Together, Spaceboy, Kraken, Rumor, Séance and Five prepare to stop the Apocalypse Suite. Rumor tries to kill the White Violin, but fails due to past emotions; Rumor suffers a slashed throat from the White Violin and Spaceboy takes her to a nearby hospital. Kraken, Séance and Five continue to fight the Orchestra Verdammten, and end the fight when Five shoots the White Violin in the head, although not fatally. Séance then uses telekinesis to stop meteors falling to the earth and stops the end of the world. In the epilogue, it is learned that Vanya remains paralyzed and Rumor will never be able to talk again, thus leaving her unable to use her powers. Spaceboy, Kraken, Séance and Five return to the academy to find it destroyed, crushed by the Eiffel Tower.

== Collected editions ==
The series has been collected as a trade paperback:

The Umbrella Academy: The Apocalypse Suite (by Gerard Way & Gabriel Bá, includes all six issues from The Apocalypse Suite, extracts from sketchbooks featuring early versions of characters, the short internet preview and the story from Free Comic Book Day 2007, limited edition hardcover, ISBN 1-59582-163-5, softcover, ISBN 1-59307-978-8).
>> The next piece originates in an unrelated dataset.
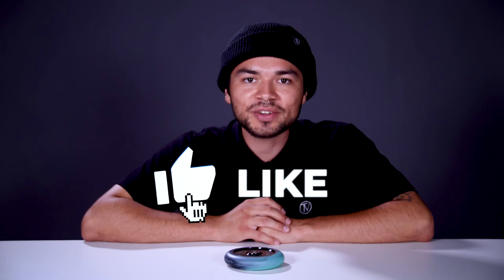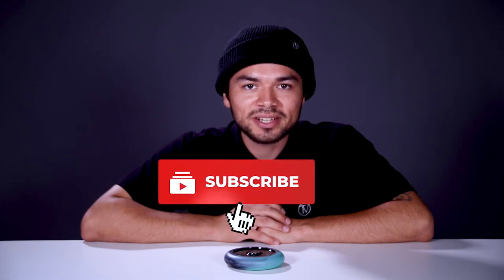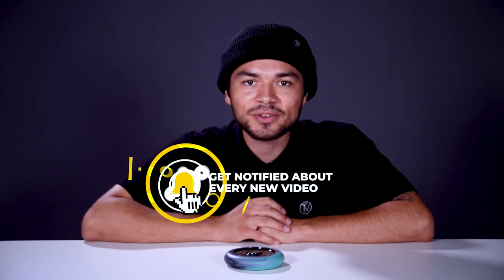With all that being said, don't forget to like, comment, and subscribe. Hit that bell notification to be notified every time we make a new upload. If you do want to find out more about this wheel, make sure to click the link below in the description, and I'll see you in the next video.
== Awards and nominations ==
At the 2008 Eisner Awards, The Umbrella Academy: Apocalypse Suite won for Best Limited Series.

The Deluxe Edition of The Umbrella Academy: Apocalypse Suite is nominated for Best Graphic Album — Reprint at the 2009 Eisner Awards.

==Sequel==
A sequel, The Umbrella Academy: Dallas, was published between November 2008 and April 2009 and collected into a trade paperback on September 30, 2009.